• **WHAT YOU HAVE TO DO**: Say how many lines in this listing include the word "City", with no other words in the reply.

.....

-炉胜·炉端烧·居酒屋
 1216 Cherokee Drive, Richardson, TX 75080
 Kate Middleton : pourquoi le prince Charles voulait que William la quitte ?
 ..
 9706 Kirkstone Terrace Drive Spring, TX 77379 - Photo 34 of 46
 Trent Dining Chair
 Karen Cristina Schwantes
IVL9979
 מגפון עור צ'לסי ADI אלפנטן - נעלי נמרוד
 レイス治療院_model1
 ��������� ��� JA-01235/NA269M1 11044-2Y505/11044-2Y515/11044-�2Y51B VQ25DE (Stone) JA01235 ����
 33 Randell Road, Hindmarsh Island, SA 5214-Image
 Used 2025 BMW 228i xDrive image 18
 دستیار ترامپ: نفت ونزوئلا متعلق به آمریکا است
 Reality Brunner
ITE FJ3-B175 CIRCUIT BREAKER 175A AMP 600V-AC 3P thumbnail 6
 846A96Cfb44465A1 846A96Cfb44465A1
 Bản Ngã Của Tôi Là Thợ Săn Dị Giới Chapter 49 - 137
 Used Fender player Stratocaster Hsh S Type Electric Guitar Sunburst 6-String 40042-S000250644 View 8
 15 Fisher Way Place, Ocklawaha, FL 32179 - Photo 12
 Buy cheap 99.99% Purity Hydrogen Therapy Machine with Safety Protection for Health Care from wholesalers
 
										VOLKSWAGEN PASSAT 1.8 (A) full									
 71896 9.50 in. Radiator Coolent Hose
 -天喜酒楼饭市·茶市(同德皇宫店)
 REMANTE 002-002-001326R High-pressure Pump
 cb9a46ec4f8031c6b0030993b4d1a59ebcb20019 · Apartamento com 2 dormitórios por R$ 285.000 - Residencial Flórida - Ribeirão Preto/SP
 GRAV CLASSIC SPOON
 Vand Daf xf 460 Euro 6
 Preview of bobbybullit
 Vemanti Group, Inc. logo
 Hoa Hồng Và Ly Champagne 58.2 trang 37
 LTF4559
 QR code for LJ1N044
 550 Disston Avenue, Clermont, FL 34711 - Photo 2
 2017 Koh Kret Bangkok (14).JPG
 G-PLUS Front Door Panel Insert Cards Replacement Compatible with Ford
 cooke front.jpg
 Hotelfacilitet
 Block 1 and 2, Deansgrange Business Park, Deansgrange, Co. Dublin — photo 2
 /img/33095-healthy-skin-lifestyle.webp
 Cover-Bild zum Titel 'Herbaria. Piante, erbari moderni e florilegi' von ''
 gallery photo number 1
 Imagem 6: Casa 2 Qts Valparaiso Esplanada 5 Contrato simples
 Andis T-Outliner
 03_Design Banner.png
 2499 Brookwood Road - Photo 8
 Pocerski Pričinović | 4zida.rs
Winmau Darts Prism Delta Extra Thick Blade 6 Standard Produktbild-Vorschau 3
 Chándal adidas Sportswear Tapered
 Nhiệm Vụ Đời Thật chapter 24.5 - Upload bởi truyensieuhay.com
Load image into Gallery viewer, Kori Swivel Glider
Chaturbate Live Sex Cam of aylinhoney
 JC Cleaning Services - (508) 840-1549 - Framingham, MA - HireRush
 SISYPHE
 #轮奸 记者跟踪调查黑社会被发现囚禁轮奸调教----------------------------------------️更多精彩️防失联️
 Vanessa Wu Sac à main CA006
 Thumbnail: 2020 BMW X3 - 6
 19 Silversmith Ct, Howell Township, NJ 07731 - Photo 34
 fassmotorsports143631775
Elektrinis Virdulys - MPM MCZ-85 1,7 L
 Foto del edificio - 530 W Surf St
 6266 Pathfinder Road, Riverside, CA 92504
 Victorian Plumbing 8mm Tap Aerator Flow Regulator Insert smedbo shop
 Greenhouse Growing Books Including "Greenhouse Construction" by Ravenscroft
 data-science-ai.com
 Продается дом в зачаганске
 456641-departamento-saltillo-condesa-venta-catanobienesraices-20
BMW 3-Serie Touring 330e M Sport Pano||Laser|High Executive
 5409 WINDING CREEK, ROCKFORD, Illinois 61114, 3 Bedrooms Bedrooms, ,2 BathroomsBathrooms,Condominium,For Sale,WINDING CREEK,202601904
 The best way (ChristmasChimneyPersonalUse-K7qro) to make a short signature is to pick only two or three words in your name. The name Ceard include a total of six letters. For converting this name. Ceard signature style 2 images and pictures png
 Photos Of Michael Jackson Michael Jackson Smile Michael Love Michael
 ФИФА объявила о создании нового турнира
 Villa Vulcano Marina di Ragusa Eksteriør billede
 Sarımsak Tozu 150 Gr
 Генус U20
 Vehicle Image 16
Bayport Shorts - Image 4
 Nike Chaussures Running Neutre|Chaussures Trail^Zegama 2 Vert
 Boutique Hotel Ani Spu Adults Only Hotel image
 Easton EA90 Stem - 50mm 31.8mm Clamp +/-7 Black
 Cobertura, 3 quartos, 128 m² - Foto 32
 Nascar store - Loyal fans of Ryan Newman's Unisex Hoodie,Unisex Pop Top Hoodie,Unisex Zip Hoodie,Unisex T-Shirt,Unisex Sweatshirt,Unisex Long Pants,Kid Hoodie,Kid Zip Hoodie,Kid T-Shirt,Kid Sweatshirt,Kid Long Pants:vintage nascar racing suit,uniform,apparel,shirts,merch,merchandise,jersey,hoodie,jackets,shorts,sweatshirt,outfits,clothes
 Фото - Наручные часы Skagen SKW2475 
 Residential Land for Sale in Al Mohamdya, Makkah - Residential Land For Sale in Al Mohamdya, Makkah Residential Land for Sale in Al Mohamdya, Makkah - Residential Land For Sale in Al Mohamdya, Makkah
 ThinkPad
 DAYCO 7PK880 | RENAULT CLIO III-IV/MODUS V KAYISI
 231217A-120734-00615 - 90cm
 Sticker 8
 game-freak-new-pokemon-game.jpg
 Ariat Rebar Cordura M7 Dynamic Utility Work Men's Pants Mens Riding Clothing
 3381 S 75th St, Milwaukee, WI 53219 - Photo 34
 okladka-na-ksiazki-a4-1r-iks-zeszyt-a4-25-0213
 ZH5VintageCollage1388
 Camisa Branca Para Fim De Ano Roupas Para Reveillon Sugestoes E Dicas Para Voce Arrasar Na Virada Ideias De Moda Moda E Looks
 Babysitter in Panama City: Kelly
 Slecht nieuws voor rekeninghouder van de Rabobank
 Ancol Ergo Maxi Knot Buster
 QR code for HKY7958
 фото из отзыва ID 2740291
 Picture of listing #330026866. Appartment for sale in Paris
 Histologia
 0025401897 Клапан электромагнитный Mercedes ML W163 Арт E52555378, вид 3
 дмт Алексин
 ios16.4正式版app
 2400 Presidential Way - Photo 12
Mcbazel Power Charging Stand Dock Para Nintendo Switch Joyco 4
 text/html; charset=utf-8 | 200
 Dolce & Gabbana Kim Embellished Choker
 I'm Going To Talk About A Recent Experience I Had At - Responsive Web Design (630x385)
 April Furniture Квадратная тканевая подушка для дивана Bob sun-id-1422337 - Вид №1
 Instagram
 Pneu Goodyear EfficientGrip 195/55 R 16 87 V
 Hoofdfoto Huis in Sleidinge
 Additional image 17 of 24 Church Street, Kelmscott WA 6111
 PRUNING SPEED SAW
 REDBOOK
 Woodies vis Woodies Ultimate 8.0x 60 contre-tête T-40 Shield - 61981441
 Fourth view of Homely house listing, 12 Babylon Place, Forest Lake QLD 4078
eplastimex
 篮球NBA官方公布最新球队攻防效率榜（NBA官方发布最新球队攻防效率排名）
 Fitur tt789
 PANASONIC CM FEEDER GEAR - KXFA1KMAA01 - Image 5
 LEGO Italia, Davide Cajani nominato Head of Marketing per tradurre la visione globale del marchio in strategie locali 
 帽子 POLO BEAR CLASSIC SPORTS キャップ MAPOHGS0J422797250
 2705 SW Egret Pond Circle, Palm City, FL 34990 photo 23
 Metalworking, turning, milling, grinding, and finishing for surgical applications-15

.....

• **TASK SOLUTION**: 2